(YOUR GOAL) Instruction for the entries below: return the part that opens with the line containing "Fixar FL0211 ����" and closes with the line containing "75 Myrtle Park", exactly, and no pictures.

(INFORMATION SUPPLIED)
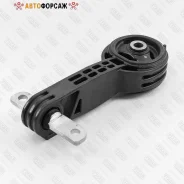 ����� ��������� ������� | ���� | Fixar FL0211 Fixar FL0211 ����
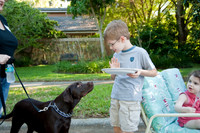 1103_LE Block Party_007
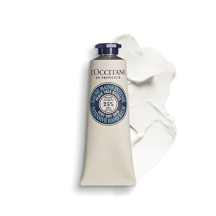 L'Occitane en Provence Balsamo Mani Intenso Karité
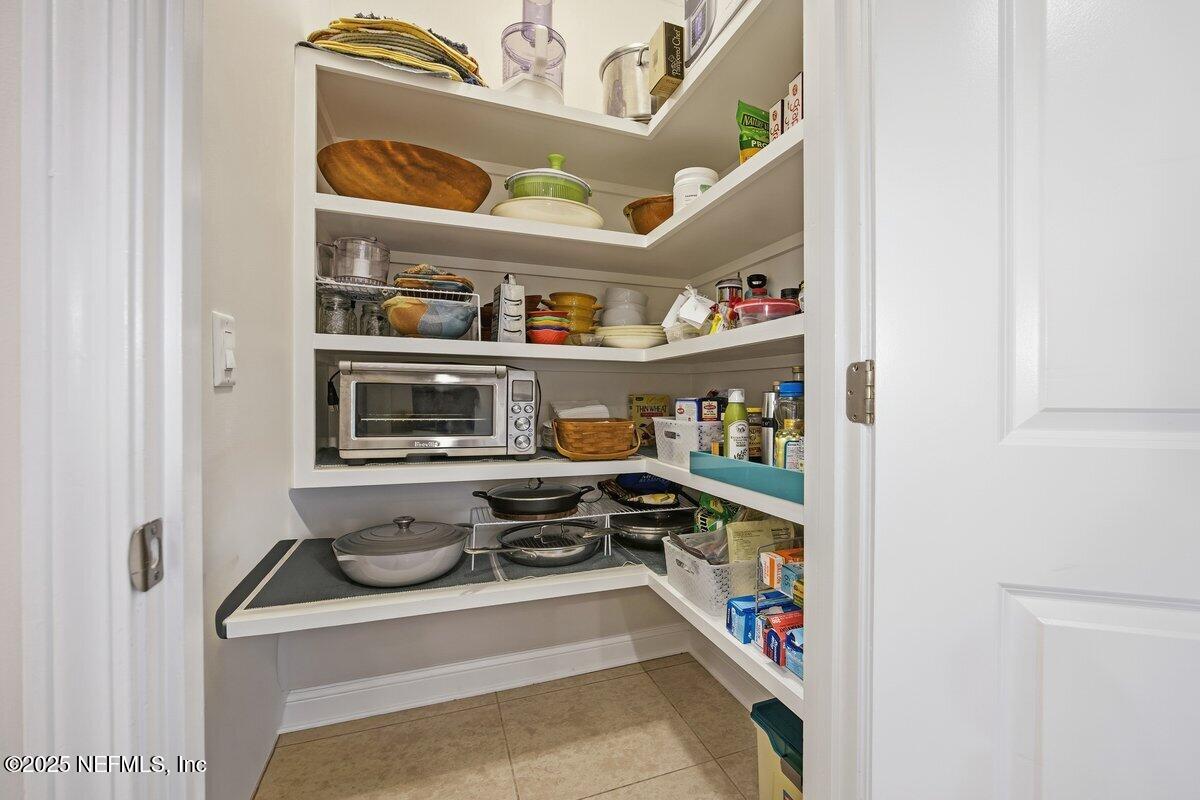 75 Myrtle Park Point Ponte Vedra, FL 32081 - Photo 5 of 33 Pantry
---
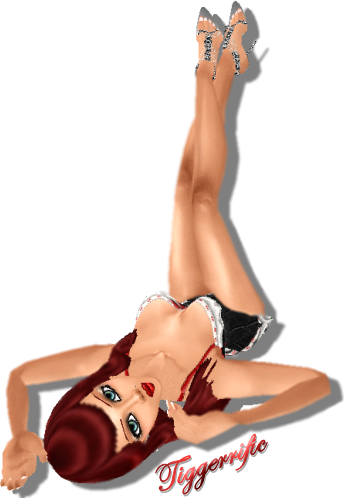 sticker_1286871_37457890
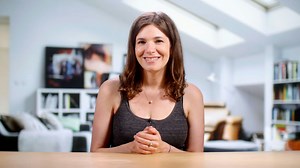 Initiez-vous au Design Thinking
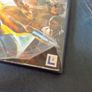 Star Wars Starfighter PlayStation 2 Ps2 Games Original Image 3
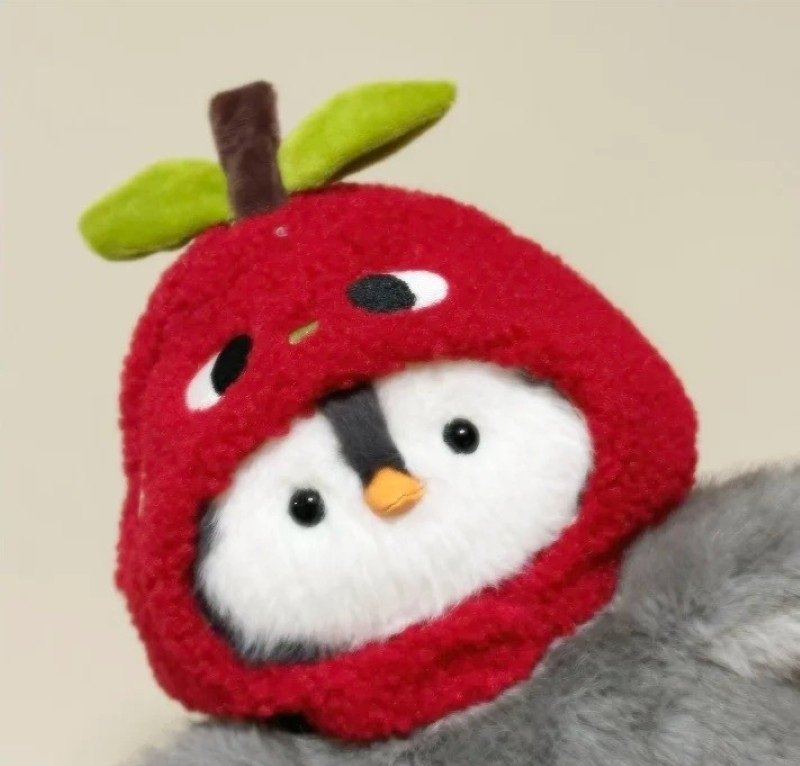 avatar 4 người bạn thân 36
...
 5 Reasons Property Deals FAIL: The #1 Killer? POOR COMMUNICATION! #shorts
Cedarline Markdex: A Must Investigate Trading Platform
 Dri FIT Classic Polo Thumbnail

(FINISHED EXERCISE)
 ����� ��������� ������� | ���� | Fixar FL0211 Fixar FL0211 ����
 1103_LE Block Party_007
 L'Occitane en Provence Balsamo Mani Intenso Karité
 75 Myrtle Park Point Ponte Vedra, FL 32081 - Photo 5 of 33 Pantry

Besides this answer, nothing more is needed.